WORK ORDER.
The answer must be an exact copy of the records, with every picture removed.

Caption-style text data
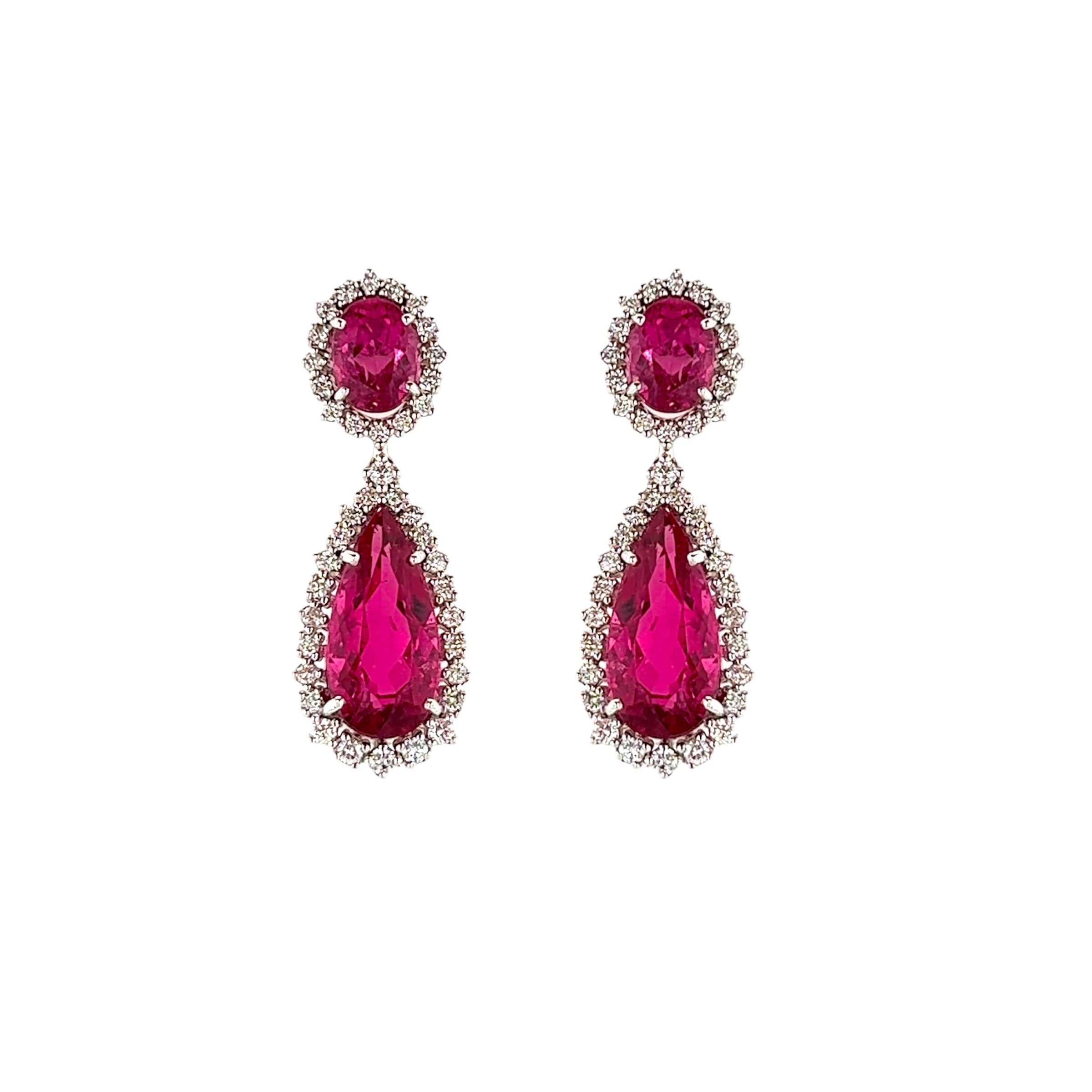 18K Pink Tourmaline Earrings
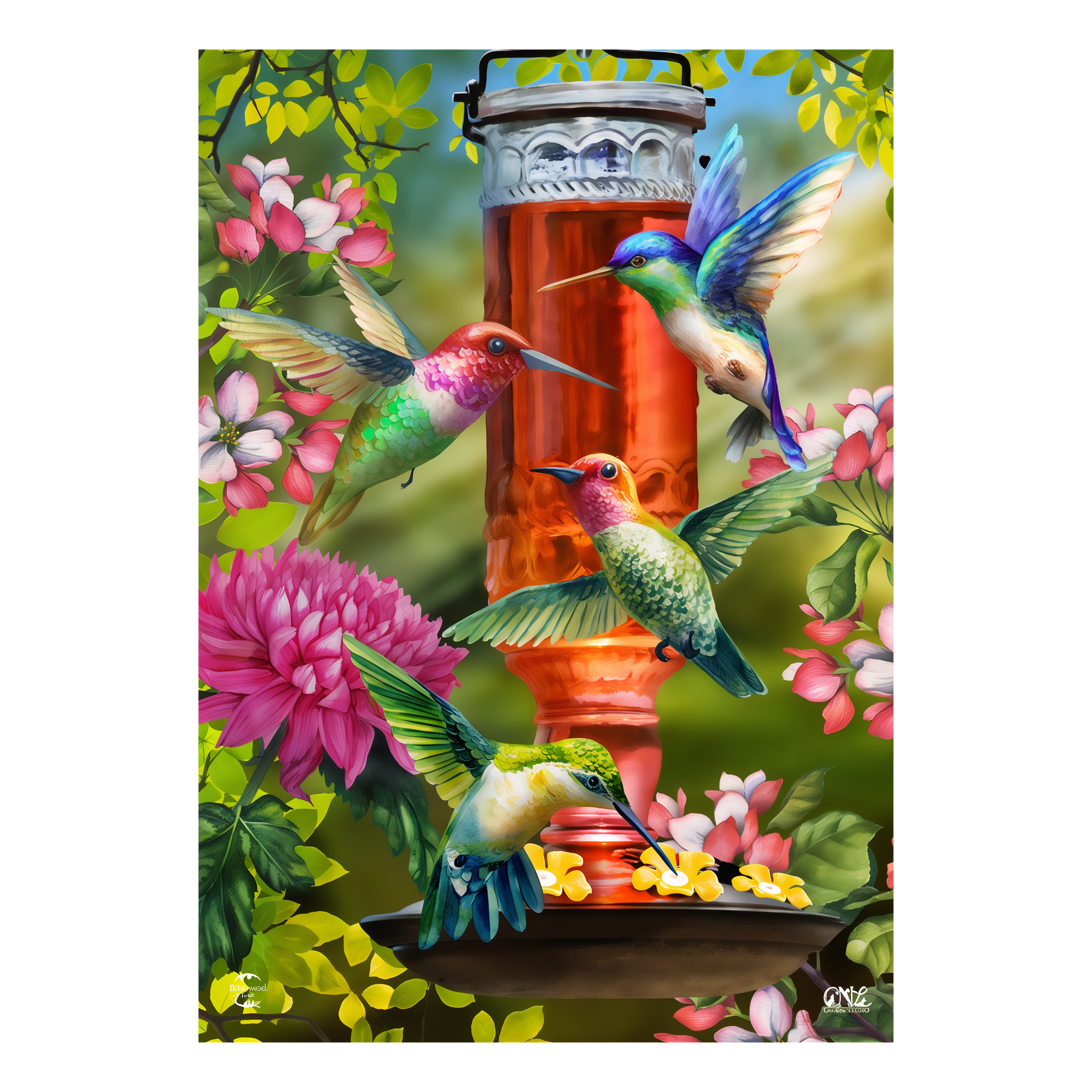 Briarwood Lane Hummingbird Feeder Spring House Flag -- detail view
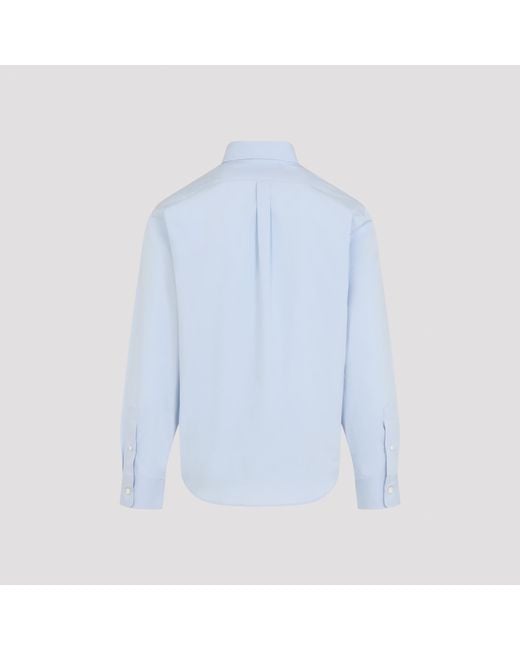 Givenchy Blue Logo Detailed Long-Sleeved Shirt for men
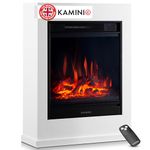 KAMINIO Electric Fireplace KALLE - Electrical Stove with Heater, 3D Flame Effect, Remote Control (White)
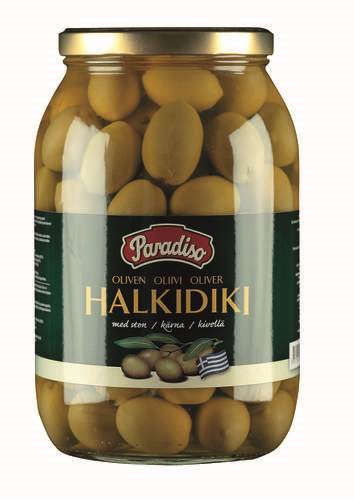 Halkidiki oliver med kärna, grekiska, (avrunnen vikt 1,2 kg), 2 kg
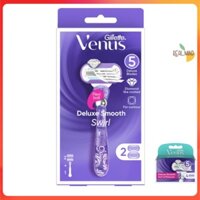 Mới mẻ Bộ dao cạo nữ và 2 đầu dao Gillette Venus Swirl (Deluxe Smooth)(1 cán + 2 dao 5 lưỡ)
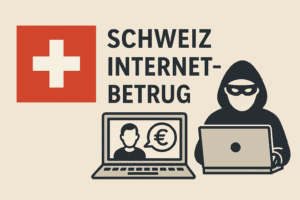 Švicarska internetska prijevara: Zastava, laptop s eurom, maskirani haker.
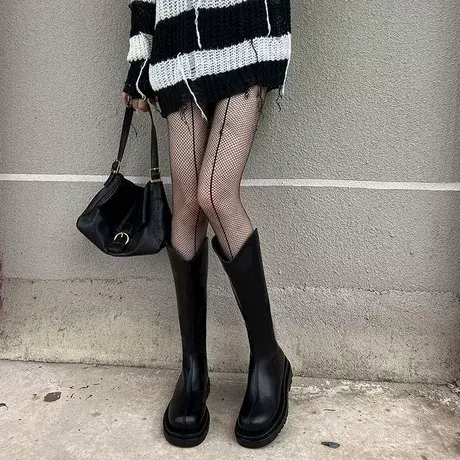 马丁靴女2023年秋冬新款长筒靴粗腿厚底瘦瘦靴高筒骑士靴女商品大图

TASK RESPONSE.
 18K Pink Tourmaline Earrings
 Briarwood Lane Hummingbird Feeder Spring House Flag -- detail view
 Givenchy Blue Logo Detailed Long-Sleeved Shirt for men
 KAMINIO Electric Fireplace KALLE - Electrical Stove with Heater, 3D Flame Effect, Remote Control (White)
 Halkidiki oliver med kärna, grekiska, (avrunnen vikt 1,2 kg), 2 kg
 Mới mẻ Bộ dao cạo nữ và 2 đầu dao Gillette Venus Swirl (Deluxe Smooth)(1 cán + 2 dao 5 lưỡ)
 Švicarska internetska prijevara: Zastava, laptop s eurom, maskirani haker.
 马丁靴女2023年秋冬新款长筒靴粗腿厚底瘦瘦靴高筒骑士靴女商品大图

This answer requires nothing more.